No matter the forum, whether it’s your uncle’s driveway or an online basketball fan group, someone is likely to bring up the most annoying basketball question of all time: Why does nobody watch the WNBA?
In fact, this question is so persistent, that it led us to start this website. So while SportsCenter on ESPN dedicates just two percent of its airtime to covering women’s sports, Queen Ballers Club will spend one hundred percent of its editorial airtime on women’s fascinating athletic feats.
But before we get too caught up in the future, let’s go back to the beginning of this wicked rumor.
It all started in 1996, when the Women’s National Basketball Association (WNBA), a competitive, professional basketball league, was founded as a counterpart to the National Basketball Association (NBA). Since then, the WNBA has blossomed into twelve teams that typically compete for six months of the year.
The league consistently puts on a show! And gets better every year, as it draws from an incredible NCAA Division I college talent pool. Furthermore, many of its stars, such as Lisa Leslie and Diana Taurasi, have gone on to become household names worldwide.
So, today we’re going to explore the many factors that contribute to this question’s prevalence and reveal the ultimate conclusion. We’ll cover who is watching the WNBA (you can tune in for the 2020 schedule here!), why the league struggles to be taken as seriously as it should be, and what steps can be taken to ensure its long-term survival. The answers might surprise you.
One of the first punches commonly thrown against the WNBA is that it doesn’t have substantial viewership to justify keeping it afloat. Let’s just put that to rest up front. The 2020 opening weekend of games averaged 539,000 viewers total, and 401,000 viewers from ESPN and ABC’s games. That’s an increase of 63% over the average viewership of the entire WNBA season on ESPN in 2019. Game over! Plus, there were 570,000 viewers of 2020 WNBA Finals.
Already back in 2014, WNBA games had 659,000 viewers according to ESPN. So while it’s true that the WNBA doesn’t pull the same numbers as the NBA (1.46 million viewers), the criticism that “no one” is watching the WNBA is as stale as it is unfair.
In recent years, the WNBA has seen promising increases in viewership and revenue that fly directly against the narrative that no one is interested in watching women’s basketball.
With committed partnerships from ESPN, ESPN2, ABC, and CBS Sports, the WNBA’s 2019 season saw strong results. The first three games each averaged 413,000 viewers – a sixty four percent increase from the first four games of 2018.
Meanwhile, in-game attendance over the league’s entire history averages out at between 7,245 and 8,377, depending on the month. That’s enough people to fill about 200 buses: a lot!

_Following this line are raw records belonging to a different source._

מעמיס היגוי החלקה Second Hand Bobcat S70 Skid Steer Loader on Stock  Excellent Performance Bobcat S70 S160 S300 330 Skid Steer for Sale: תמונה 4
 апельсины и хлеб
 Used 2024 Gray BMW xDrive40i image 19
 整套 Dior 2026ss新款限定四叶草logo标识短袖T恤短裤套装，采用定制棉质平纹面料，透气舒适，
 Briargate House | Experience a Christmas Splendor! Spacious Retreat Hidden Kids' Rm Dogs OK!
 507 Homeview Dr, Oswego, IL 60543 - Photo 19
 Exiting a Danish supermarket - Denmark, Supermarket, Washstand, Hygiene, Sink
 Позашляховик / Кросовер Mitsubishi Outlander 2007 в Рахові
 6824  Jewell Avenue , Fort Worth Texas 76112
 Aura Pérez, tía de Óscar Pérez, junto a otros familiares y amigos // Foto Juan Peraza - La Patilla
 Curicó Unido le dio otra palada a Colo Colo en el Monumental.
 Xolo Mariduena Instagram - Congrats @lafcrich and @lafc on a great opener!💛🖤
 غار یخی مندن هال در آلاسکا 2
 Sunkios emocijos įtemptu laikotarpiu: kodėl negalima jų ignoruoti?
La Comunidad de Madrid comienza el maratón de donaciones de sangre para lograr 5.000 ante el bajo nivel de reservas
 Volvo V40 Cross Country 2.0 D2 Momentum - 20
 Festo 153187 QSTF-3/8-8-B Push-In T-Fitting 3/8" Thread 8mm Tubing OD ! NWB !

Also, the WNBA sees higher social engagement on Twitter and Instagram than the NBA.
Also, according to The New York Times, gate receipts, while critical, do not solely determine a franchise’s value. The fact that since 2009 WNBA teams have been sold but not shut down hints that they aren’t incurring debt.
They could be attracting fans new to basketball who then go to NBA games. They may also, through creative financial arrangements, like paying rental fees to facilities controlled by their owner, claim tax-deductible losses while legally generating revenue elsewhere.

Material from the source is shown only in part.